IL
DOJO
La Scuola non ha fini di lucro o di violenza; chiunque, a luogo e tempo indeterminato, ne facesse gioco o uso errato, verrebbe severamente punito a tutti i livelli, da ciò che lui stesso o il Maestro per lui, ha liberato in se.
Chiunque fa parte di questa Scuola, è sicuramente degno di portare la cintura del chimono, è cosa grave quindi se il Maestro la fa smettere, a chi, sebbene momentaneamente, ha perso la giusta strada.

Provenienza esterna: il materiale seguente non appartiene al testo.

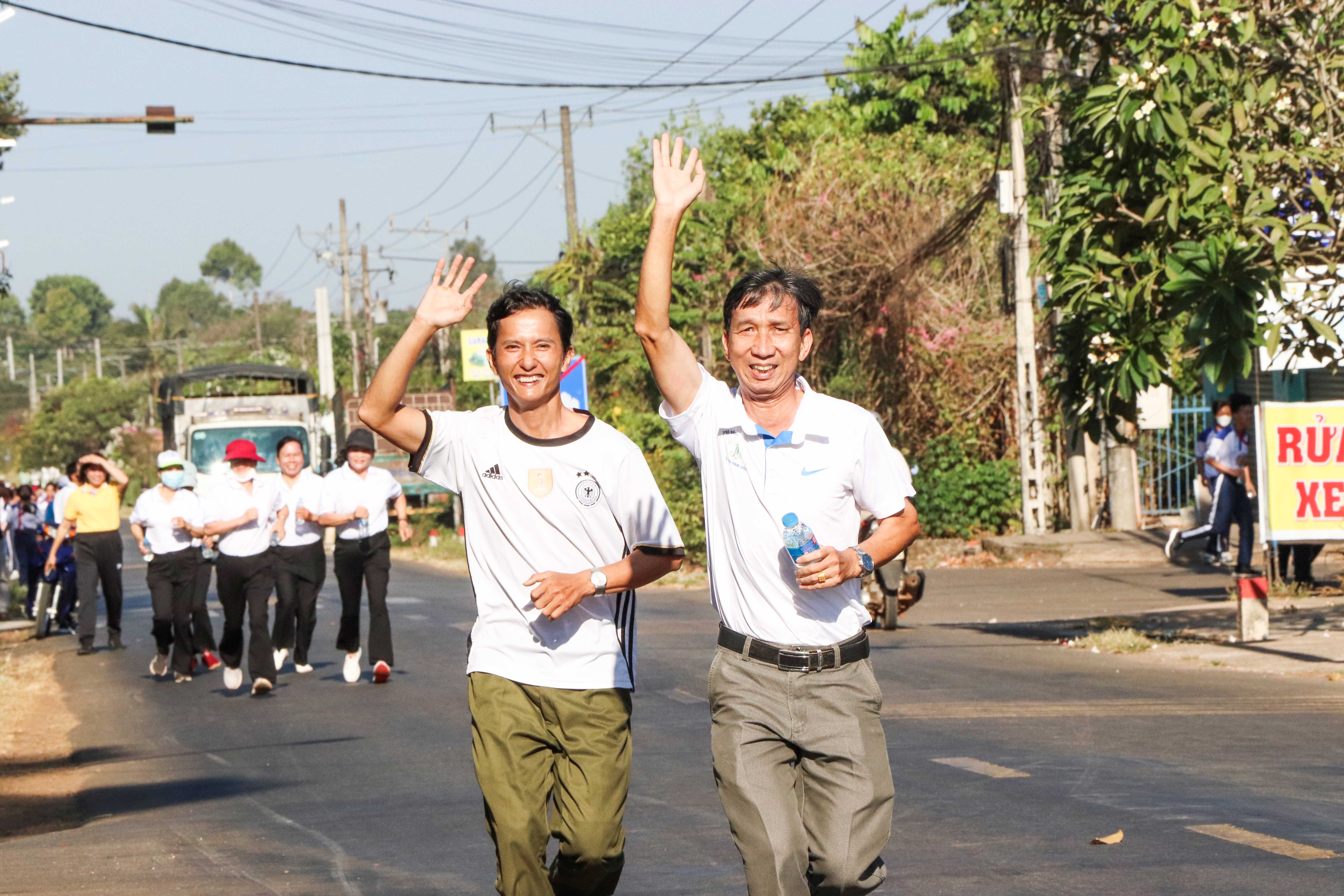Người dân xã Xà Bang tham gia Ngày chạy Olympic vì sức khỏe toàn dân năm 2024.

Il Maestro non insegna lo Zen, ma aiuta i suoi allievi a trovarne la via, è quindi grande offesa al Maestro e alla Scuola stessa, quando l'allievo, nell'ipocrisia dice quello che vuole pensare anzichè quello che sente serenamente, giacchè pensare è volere e niente di ciò che si vuole in questo modo, appartiene alla via dello Zen, soltanto l'umiltà e il non considerare, sono le doti principali di chi, in questa Scuola, si uccide per essere assolutamente vivo.
In questa luce, il Maestro ha potenzialmente nelle sue mani, la paura, l'istinto e la vita dei suoi allievi, della quale egli può disporre a suo giudizio, per questo è necessaria da parte di questi, una fiducia illimitata nel loro Maestro, affinchè essi possano dare se stessi ad ogni costo e quindi respirare sereni nella non comprensione, senza essere spinti continuamente a misurare tutto ciò che succede loro intorno.
E' buona regola quindi, non meravigliarsi se il Maestro o la Scuola appaiono a volte incomprensibili, essi devono portare gli allievi ad aprire una porta che non esiste, eppure questa è.